Please note: there may be some adjustments to the teaching arrangements published in the course catalogue for 2020-21. Given current circumstances related to the Covid-19 pandemic it is anticipated that some usual arrangements for teaching on campus will be modified to ensure the safety and wellbeing of students and staff on campus; further adjustments may also be necessary, or beneficial, during the course of the academic year as national requirements relating to management of the pandemic are revised.

Data Mining and Machine Learning II: Big Data and Unstructured Data (ODL) STATS5081

  • Academic Session: 2021-22
  • School: School of Mathematics and Statistics
  • Credits: 10
  • Level: Level 5 (SCQF level 11)
  • Typically Offered: Summer
  • Available to Visiting Students: No
  • Available to Erasmus Students: No
  • Taught Wholly by Distance Learning: Yes

Short Description

This course introduces data mining and machine learning methods used in big data scenarios and also introduces methods for analysing networks and unstructured data.

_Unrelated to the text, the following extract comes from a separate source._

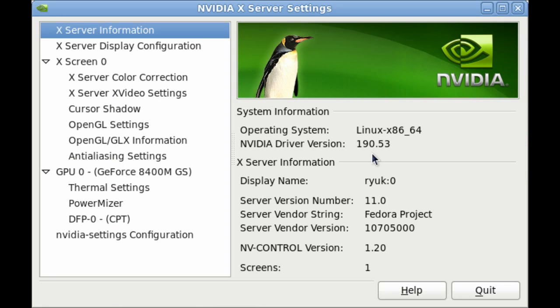Within that panel on the first screen, it should say NVIDIA driver version. On mine in particular it says 190.56.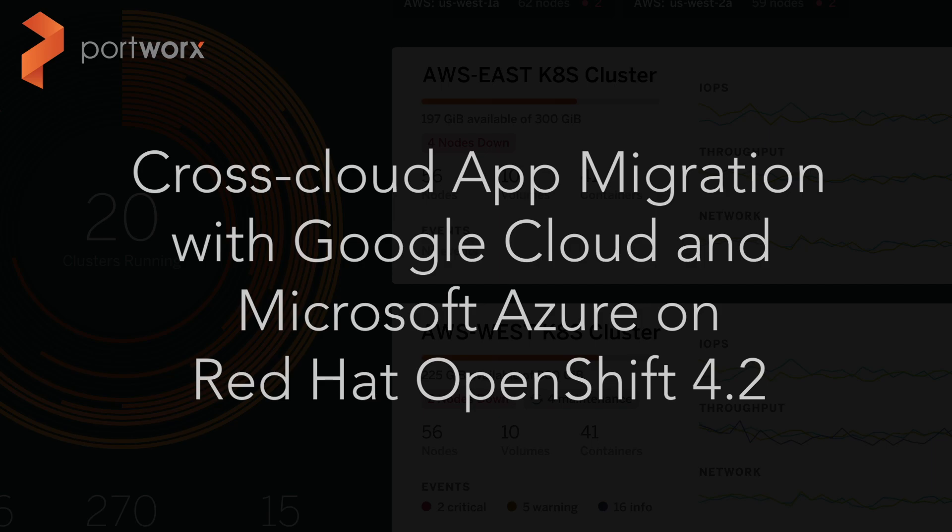Hello, my name is Ryan Wallner, Technical Advocate here at Portworx, and today we're going to be showing you a demo about cross-cloud application migration from Google Cloud to Microsoft Azure with applications running on Red Hat OpenShift 4.2.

The course mostly consists of asynchronous teaching material.

Requirements of Entry

The course is only available to online-distance learning students on the PGCert/PGDip/MSc in Data Analytics and Data Analytics for Government.

Excluded Courses

Big Data Analytics

Big Data Analytics (Level M)




100% Continuous Assessment

This will typically be made up of a project (40%), two oral assessments (40%) and one homework exercise / online quiz (20%). Full details are provided in the programme handbook.

Course Aims

The aims of this course are:

■ to introduce students to Gaussian processes;

■ to introduce the students to big data methods commonly applied in Machine Learning, notably regularised regression;

■ to illustrate the role of sparsity when analysing high-dimensional data;

■ to introduce students to graphical models and how they can be used for structural inference in high-dimensional data;

■ to introduce students to informal and formal methods for social network analysis and quantitative text analysis.

Intended Learning Outcomes of Course

By the end of this course students will be able to:

■ fit Gaussian process models;

■ describe the challenges of the analysis of high-dimensional data and discuss, in a particular context, strategies for tackling big data problems;

■ formulate and fit a regularised linear model, such as ridge regression, the LASSO and partial least-squares;

■ infer statements about (conditional) independence from graphical models and factorisations of the joint distribution;

■ describe methods for structural inference in graphical models and apply them in a given context;

■ make appropriate use of informal and formal methods for social network analysis and quantitative text analysis.

Minimum Requirement for Award of Credits

Students must submit at least 75% by weight of the components (including examinations) of the course's summative assessment.